The defeat in the war against Japan led to a deep sense of crisis within the Chinese elite. But while there was much agreement about the problem—China’s weakness—there was little consensus in terms of remedy. For the Empress Dowager and most of the Court, China had given up too much of its Confucian essence already, and it was only through regaining this spiritual core that the empire could retake its place in the world. The correct response to the wrongdoing of people inside and outside the empire was to appeal to justice and to reason, and thereby help them understand the natural order of things. If China held fast to its Confucian principles, then matters would correct themselves over time. Chu Chengbo, a censor in the imperial government, told the Court that “our trouble is not that we lack good institutions but that we lack upright minds.”
11

But for many Chinese who had witnessed their country’s humiliation, an appeal to traditional principles was meaningless. Across the empire, demands for thorough reform of the government system emerged. Younger members of the elite felt that China could not survive if its society and its state were not profoundly changed. The candidates for the imperial examination, who were gathered in Beijing as news of the Chinese defeat came through, in a unique step broke with the very purpose that had brought them to the capital—the promulgation of Confucian knowledge—and took the lead in appealing for reform. One of them, Kang Youwei, a thirty-seven-year-old Guandong native from a prominent scholar-official family, organized most of his fellow candidates to sign a petition protesting the Shimonoseki Treaty and calling for fundamental reform of the Chinese government. It was an intellectual mass rebellion of the younger members of the elite that the Qing could simply not ignore, especially as the reform movement began to set up associations and discussion clubs both in and outside the capital, and the government—fearful of the consequences—did not dare suppress them.

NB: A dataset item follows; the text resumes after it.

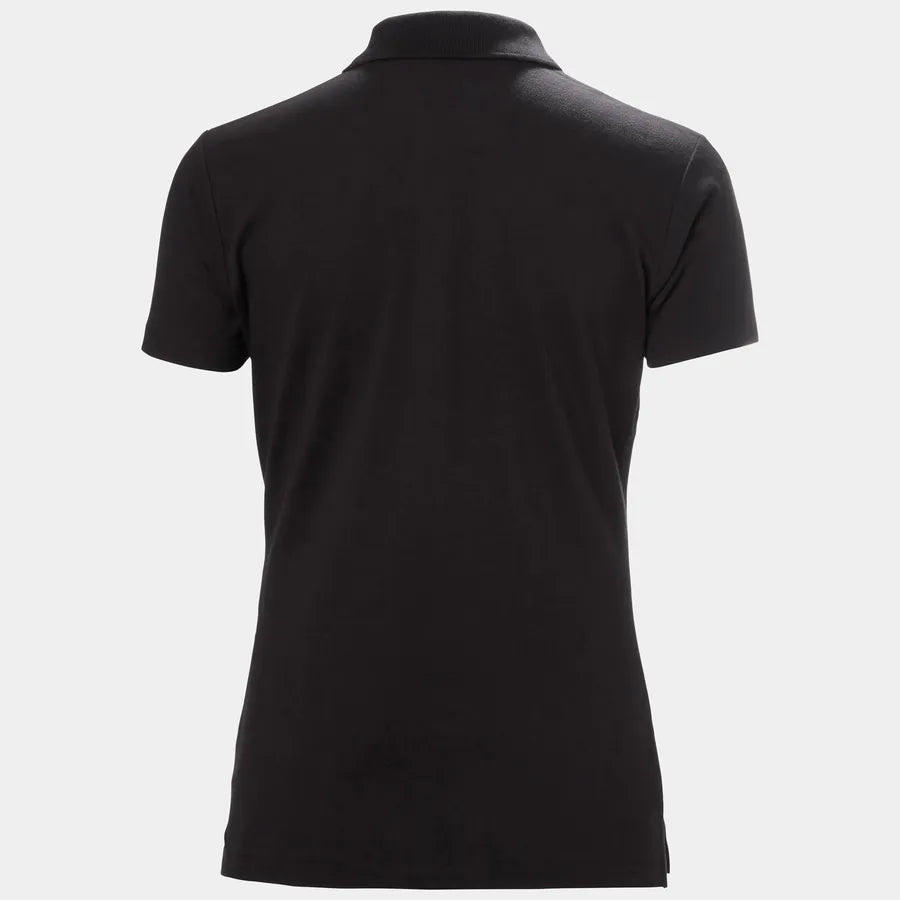 Helly Hansen Women's Classic 2.0 Polo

While seeing himself very much as a reformer in the Confucian tradition, Kang looked abroad—and first and foremost to Japan—for models of how China through innovation and conscious adaptation could find a place as a respected state within an international system of states. “A survey of all states in the world,” Kang wrote in a 1898 memorial to the throne, “will show that those states that undertook reforms became strong while those states that clung to the past perished. . . .

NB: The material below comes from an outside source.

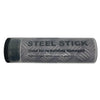 Steel Epoxy Putty (50g) thumbnail 1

Our present trouble lies in our clinging to old institutions without knowing how to change. In an age of competition among states, to put into effect methods appropriate to an era of universal unification and laissez-faire is like wearing heavy furs in summer or riding a high carriage across a river. This can only result in having a fever or getting oneself drowned. . . . I beg Your Majesty to adopt the purpose of Peter the Great of Russia as our purpose and to take the
Meiji Reform of Japan as the model for our reform. The time and place of Japan’s reform are not remote and her religion and customs are somewhat similar to ours. Her success is manifest; her example easy to follow.
12

The young Guangxu emperor, so long under the thumb of the Empress Dowager and her Court officials, listened to the reformers, and acted on Kang’s recommendations in the summer of 1898. During an intense period of change, Kang, with the emperor’s blessing, not only remodeled the central government but set up new structures controlling the military, developing Western-style education, and improving government finance. The emperor himself had a long conversation with Ito Hirobumi, who had been prime minister of Japan during the war. For a brief moment China seemed to move toward fundamental reform of the Petrine or Meiji kind. Guangxu seemed a man in a hurry. One of his edicts read:

Our scholars are now without solid and practical education; our artisans are without scientific instructors; when compared with other countries we soon see how weak we are. Does anyone think that our troops are as well drilled or as well led as those of the foreign armies? Or that we can successfully stand against them? Changes must be made to accord with the necessities of the times. . . . Keeping in mind the morals of the sages and wise men, we must make them the basis on which to build newer and better structures. We must substitute modern arms and western organization for our old regime; we must select our military officers according to western methods of military education; we must establish elementary and high schools, colleges and universities, in accordance with those of foreign countries; we must abolish the
wenchang
(literary essay) and obtain a knowledge of ancient and modern world-history, a right conception of the present-day state of affairs, with special reference to the governments and institutions of the countries of the five great continents; and we must understand their arts and sciences.
13

But Kang’s proposals for a constitution and a national assembly went too far for the conservatives to accept. Feeling that she alone stood between the empire and chaos, Cixi carried out a coup d’état in September 1898, ending the hundred days of reform. Her repression was intense: With the Guangxu emperor isolated on a small island in a lake inside the Forbidden City (not far, by the way, from where China’s president Liu Shaoqi was to be kept under house arrest during the Cultural Revolution), the empress dowager not only overturned the reforms but also executed a number of reformers, including Kang Youwei’s younger brother. For Cixi and the traditionalists, 1898 was about defending their personal power and defending China from an attack from within that could be more dangerous than any attack from without. In their view, reforms would do the empire no good if by adopting them it lost its Confucian soul.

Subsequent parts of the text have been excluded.